The Magna Carta was signed by a poor King who was pushed into it by wealthy barons. It is also the basis of our constitution, and the gradually expanded system of rights and freedoms which has done so much to lift the world from suffering.
It became obvious to the Kings that you needed a strong economy to win a war, and this trend has continued even further today: every country wants to have a strong economy. What is now becoming apparent in our world economy is that you can’t have a strong economy when everyone is uneducated and unhappy – unhappy people make mistakes and drive away customers. All of the riots we are seeing in America today, for example – those have a huge economic cost. Happy people are less likely to riot.
You Can’t Buy Respect
So If everyone is in agreement that you need your economy to be strong, and a strong economy requires educated people, and we all know riots cost a bunch of money, and happy people don’t riot – what’s stopping us from selecting sensible leaders?
I claim it’s a problem of a fuzzy language and shortage of social computation.
Politicians like to speak in platitudes that lend themselves to many different interpretations. That’s the fuzzy language. People pick and choose facts that appeal to their beliefs, while discarding facts that make them feel threatened. People are quick to forget or overlook transitions by people they respect, and are quicker to find faults in people they don’t agree with. Those heuristics – those guesses at other people’s mental states – are really just poor approximations. They are computations, done poorly. How much is 372 plus 541? Well, it’s approximately 800. For most people throughout history, that was close enough. It was only in recency – just the past few hundred years – that every day people actually needed to make distinctions like that.

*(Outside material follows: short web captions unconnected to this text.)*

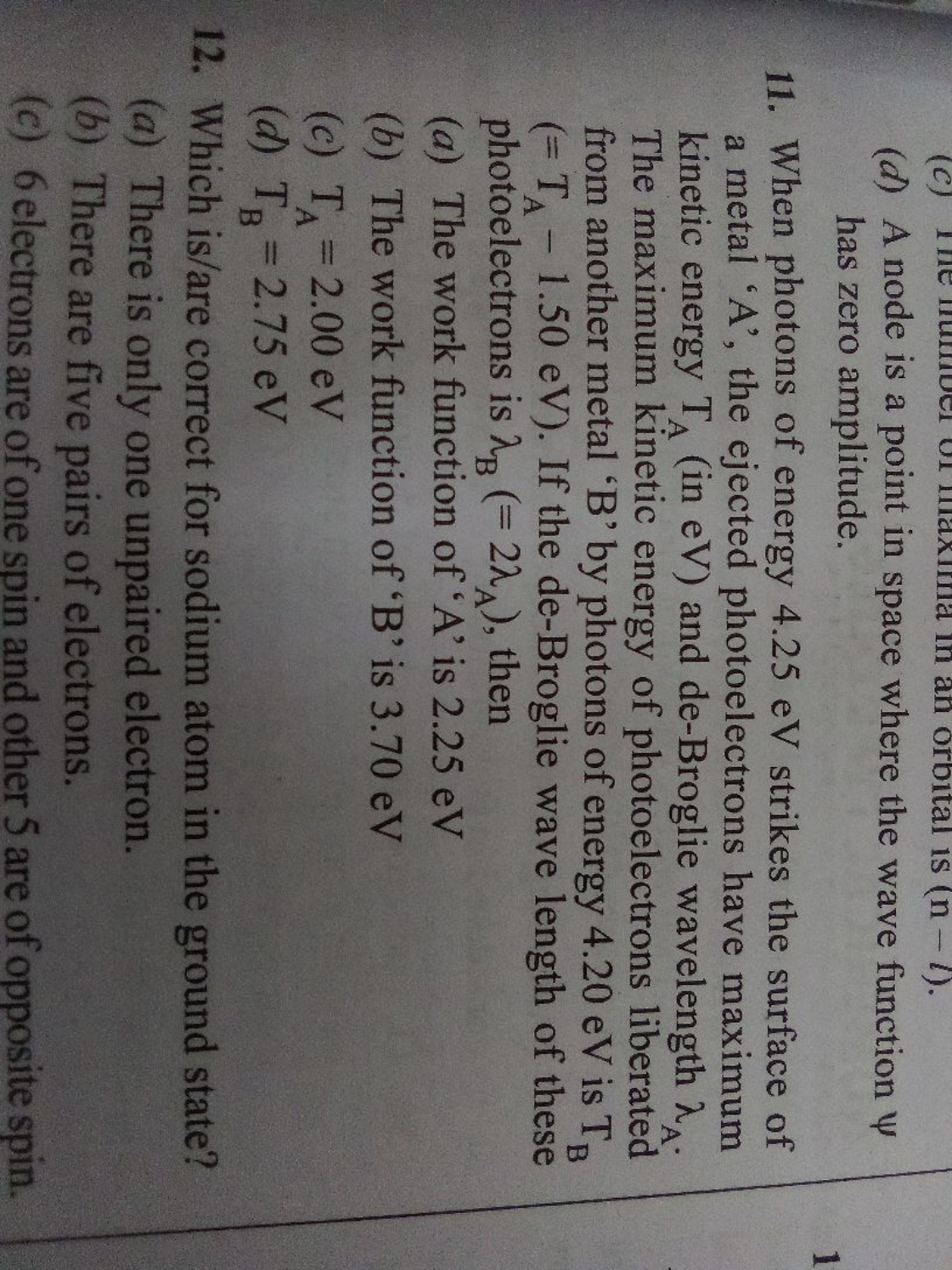 (d) A node is a point in space where the wave function ψ has zero ampl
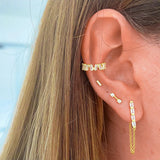 925 Silver Zircon Tassel Stud Earrings Party Huggie Jewelry
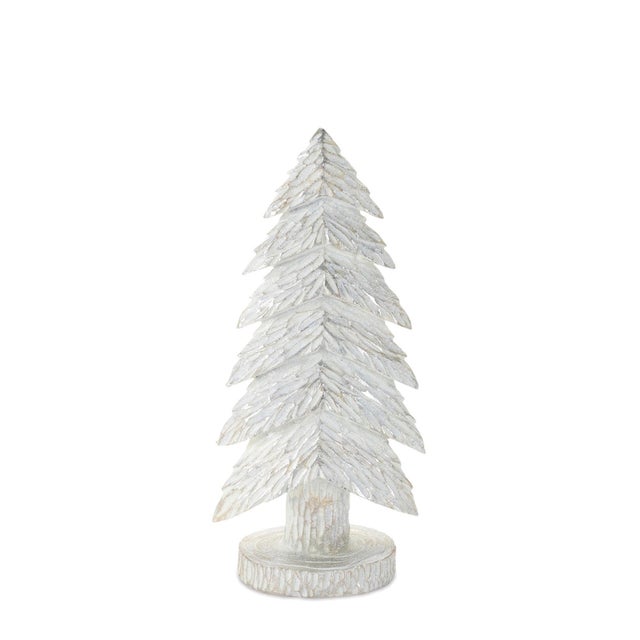Rustic White Christmas Tabletop Trees (Set of 2) For Sale - Image 3 of 3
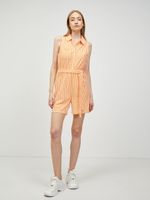 White/Orange Striped Short Jumpsuit with Ties Pieces Tamar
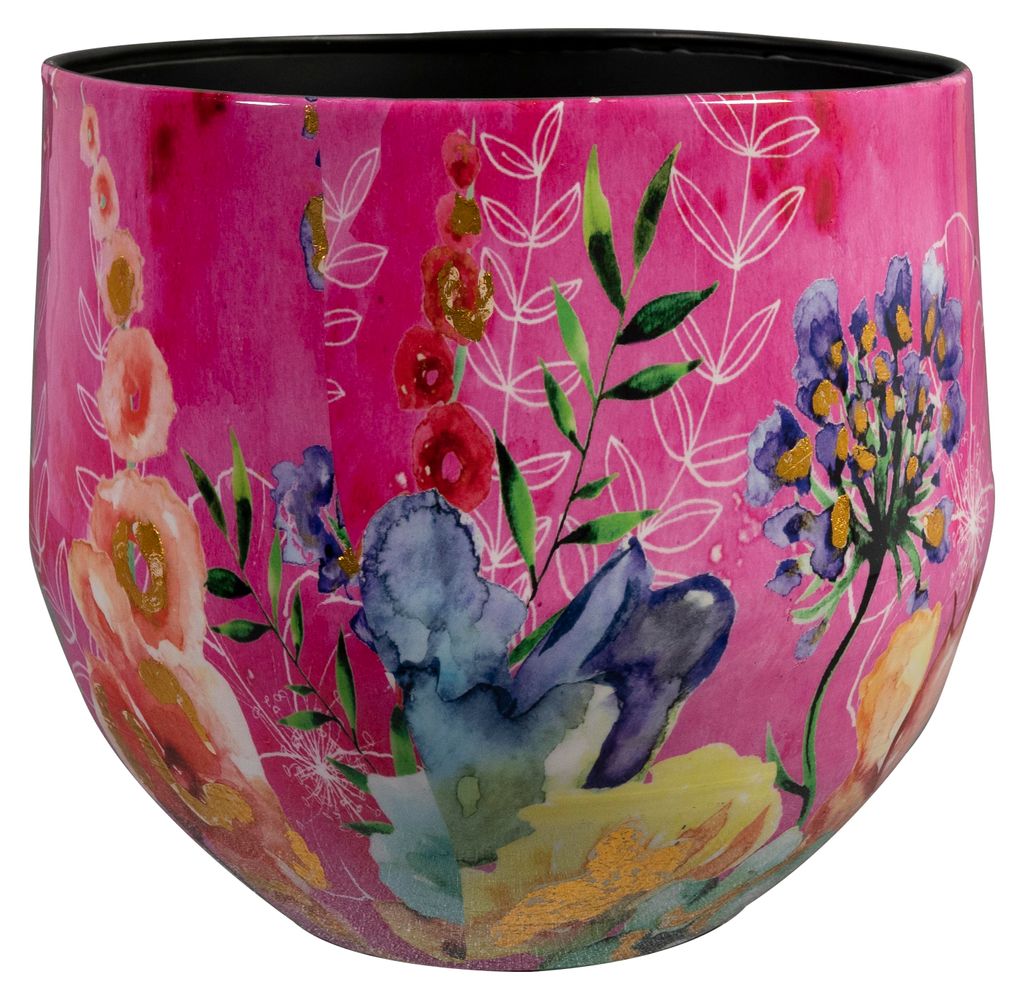 Ter Steege Blumentopf Metall Fuchsia-Mehrfarbig D 28 cm H Produktbild 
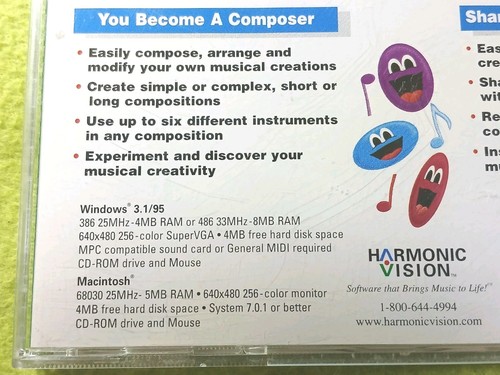 Music Doodle Pad (PC, CD-ROM, 1997, Harmonic Vision) WIN95/MAC - Picture 4 of 10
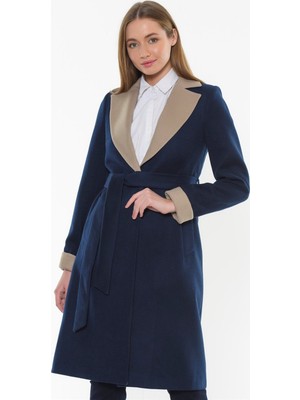 Dewberry Z6510 Kadın Palto Lacivert Polyester Malzeme ile Şık Tasarım S Beden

We are far more likely to extend our cognitive effort at understanding – that is, to allocate more computation to the modeling of another person’s consciousness – when we know they are friends with a friend of ours. Most of us reading this can point to people in our lives who we think are examples of the way people should behave. The proposal I have here is extremely simple – that we make an effort to identify people we know, people we’ve worked with or interact with, who we think did good job of treating us right. If we state, publicly, these are the people i respect – then we can see who those people respect, and who they respect, and so on. The numbers help us evaluate people we don’t actually know, using all of our friends, and their friends, and their friends, as the basis of our opinion.
You’d trust a recommendation from a good friend much more than you’d trust a recommendation from someone you kind of know, and are on decent terms with. The respect matrix merely formalizes that intuition and makes it explicit.
Suppose your best friend were running for president. Would you really vote for anyone else? Social proximity is the strongest indicator we use in so many areas. It only makes sense that it would be a powerful force in politics. Most of us aren’t friends with presidential candidate – but we are all connected on the social graph, and so there is, definitively, one candidate who is closer to you on the graph than the others.
It’s impossible to imagine a civilization hopping among the stars, building settlements and exploring the galaxy, while choosing their leaders in the most ridiculous way we do. I can easily imagine people in that kind of civilization using a simple, transparent consensual system like the one I’ve laid out. Once I get the interface online, with a bot listening to people’s tweets and storing the statements they make, I hope you’ll consider using this system, to share who you respect and who you don’t. Other login systems will come soon; a twitter bot was the easiest thing to start with.
I’ll still respect you, either way, for reading all the way to the end of this essay, though. Thanks.